How I can process files in a directory all at one time?


I have a directory with 100 of xlxs files. Now what I want to do is to convert all these files into PDF all at one time or some at one time. The conversion process is working fine at the moment with foreach and cron. But it can process or convert files one at a time which increase waiting time at the user end who is waiting for PDF files.

I am thinking about parallel processing at this time but don't know how to implement this.

Here is my current code

$files = glob("/var/www/html/conversions/xlxs_files/*");

if(!empty($files)){
  $now   = time();
  $i = 1;
   foreach ($files as $file) {
      if (is_file($file) && $i <= 8) {
        
        echo $i.'-----'.basename($file).'----'.date('m/d/Y H:i:s',@filemtime($file));
        echo '<br>';
        $path_parts = pathinfo(basename($file));
        
        $xlsx_file_name =  basename($file);
        
        $pdf_file_name =  $path_parts['filename'].'.pdf';
        
        echo '<br>';  
        
        try{
            $result = ConvertApi::convert('pdf', ['File' => $common_path.'xlxs_files/'.$xlsx_file_name],'xlsx');
            echo $log = 'conversion start for '.basename($file).' on '. date('d-M-Y h:i:s');
            echo '<br>';
            $result->getFile()->save($common_path.'pdf_files/'.$pdf_file_name);
            
            echo $log = 'conversion start for '.basename($file).' on '. date('d-M-Y h:i:s'); 
            echo '<br>';
            mail('[email protected]','test','test');
            unlink($common_path.'xlxs_files/'.$xlsx_file_name);
            
        }catch(Exception $e){
            $log_file_data = createAlogFile();
            $log = 'There is an error with your file .'. $xlsx_file_name.' -- '.$e->getMessage();
            file_put_contents($log_file_data, $log . "\n", FILE_APPEND);
            continue;
        }
        $i++;  
    }
}
}else{

   echo 'nothing to process';
} 

Any help will be highly appreciated.
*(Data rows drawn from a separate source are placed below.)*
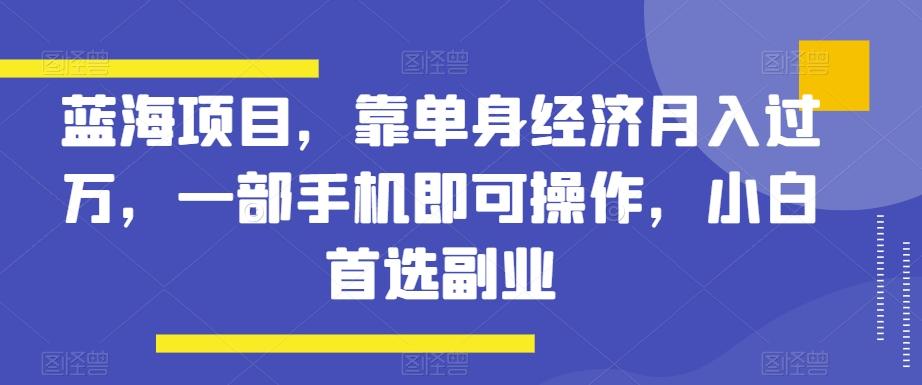 蓝海项目，靠单身经济月入过万，一部手机即可操作，小白首选副业【揭秘】-天使资源网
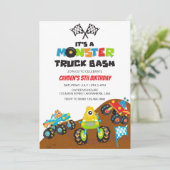 Monster Truck Monsters Geburtstag Einladung (Stehend Vorderseite)
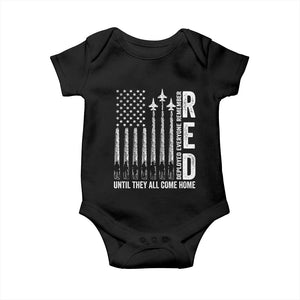 RED Friday Remember Everyone Deployed Baby Onesie Military American Flag TS10 Black Print Your Wear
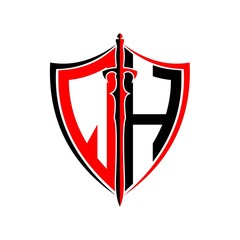 initials Q H Shield Armor Sword for logo design inspiration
Thanks


Solution

  • Q : I am thinking about parallel processing at this time but don't know how to implement this.

    Fact #1:
    this is not a kind of a true-[PARALLEL] orchestration of the flow of processing.

    Fact #2:
    a standard GNU parallel (all details kindly read in man parallel) will help you maximise the performance of your processing pipeline, given the list of all files to convert and tweaking other parameters as the amounts of CPU/cores used and RAM-resources you may reserve/allocate to perform this batch conversion as fast as possible.

    ls _files_to_convert.mask_ | parallel --jobs _nCores_  \
                                          --load 99%        \
                                          --block _RAMblock_ \
                                          ...                 \
                                          --dry-run            \
                                          _converting_process_
    

    might serve as an immediate apetiser for what the GNU parallel is capable of.

    All credits and thanks are to go to Ole Tange.